7. Work the less you can. Whatever you have to do, let others do it.
8. Calm! No one ever died from resting.
9. If you feel desire of work, sit and wait until it passes.
10. If work is health, put the sick to work!
Famous historical people who made time to think (to be, at least, momentarily, lazy).
Archimedes: He fall ASLEEP in his bath tub and floated! He realized that there were buoyancy properties in bodies surrounded by a denser medium. He is more famous for running naked through the city after this discovery screaming ‘EUREKA!’ ‘EUREKA!’ (loosely translated as ‘I found it! I found it!’)
Sir Isaac Newton: During an epidemic outburst in London, he decided to spend his time in the farm of his uncle.

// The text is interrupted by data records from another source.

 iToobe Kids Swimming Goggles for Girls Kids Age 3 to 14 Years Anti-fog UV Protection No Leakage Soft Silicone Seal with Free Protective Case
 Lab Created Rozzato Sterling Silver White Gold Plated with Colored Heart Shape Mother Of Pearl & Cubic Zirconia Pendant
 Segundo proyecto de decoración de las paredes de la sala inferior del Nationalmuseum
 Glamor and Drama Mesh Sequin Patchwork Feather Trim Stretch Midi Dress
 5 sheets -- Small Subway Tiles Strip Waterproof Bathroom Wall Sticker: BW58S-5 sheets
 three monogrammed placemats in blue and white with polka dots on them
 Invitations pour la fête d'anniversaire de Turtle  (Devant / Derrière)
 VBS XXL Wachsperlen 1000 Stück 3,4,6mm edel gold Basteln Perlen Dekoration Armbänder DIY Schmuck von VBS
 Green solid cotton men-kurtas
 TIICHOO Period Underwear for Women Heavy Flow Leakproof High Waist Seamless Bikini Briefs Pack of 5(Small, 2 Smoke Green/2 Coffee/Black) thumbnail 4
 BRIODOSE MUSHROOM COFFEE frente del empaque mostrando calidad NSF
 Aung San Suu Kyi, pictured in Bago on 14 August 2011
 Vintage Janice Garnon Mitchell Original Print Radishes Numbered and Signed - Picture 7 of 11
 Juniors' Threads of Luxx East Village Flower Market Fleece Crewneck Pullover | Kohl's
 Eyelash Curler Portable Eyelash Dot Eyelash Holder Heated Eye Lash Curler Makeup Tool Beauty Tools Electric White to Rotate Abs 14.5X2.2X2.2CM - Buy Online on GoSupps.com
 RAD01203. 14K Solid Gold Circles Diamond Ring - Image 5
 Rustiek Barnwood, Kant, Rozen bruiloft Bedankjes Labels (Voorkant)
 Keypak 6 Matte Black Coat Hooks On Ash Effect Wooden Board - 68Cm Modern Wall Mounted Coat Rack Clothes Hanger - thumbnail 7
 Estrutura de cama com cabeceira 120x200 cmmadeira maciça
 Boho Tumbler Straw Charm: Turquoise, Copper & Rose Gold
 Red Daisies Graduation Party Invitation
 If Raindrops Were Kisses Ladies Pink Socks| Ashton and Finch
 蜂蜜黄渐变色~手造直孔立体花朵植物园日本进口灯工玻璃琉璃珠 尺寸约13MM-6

Having nothing to do, as a good aristocrat, he decided to spend some time SLEEPING under a tree, while his uncle’s workers labored the land for long hours under the sun. A bird decided to engage in his scatological urgencies and the resulting dropping felt on our hero’s head and activated his illuminated mind (this was later changed for the …apple thing). After this historically important event, the laws of motion, gravity, calculus (simultaneously with Leibnitz), and classical mechanics were born. He was a noted alchemy student and spent most of the rest of his life as the effective treasurer of England.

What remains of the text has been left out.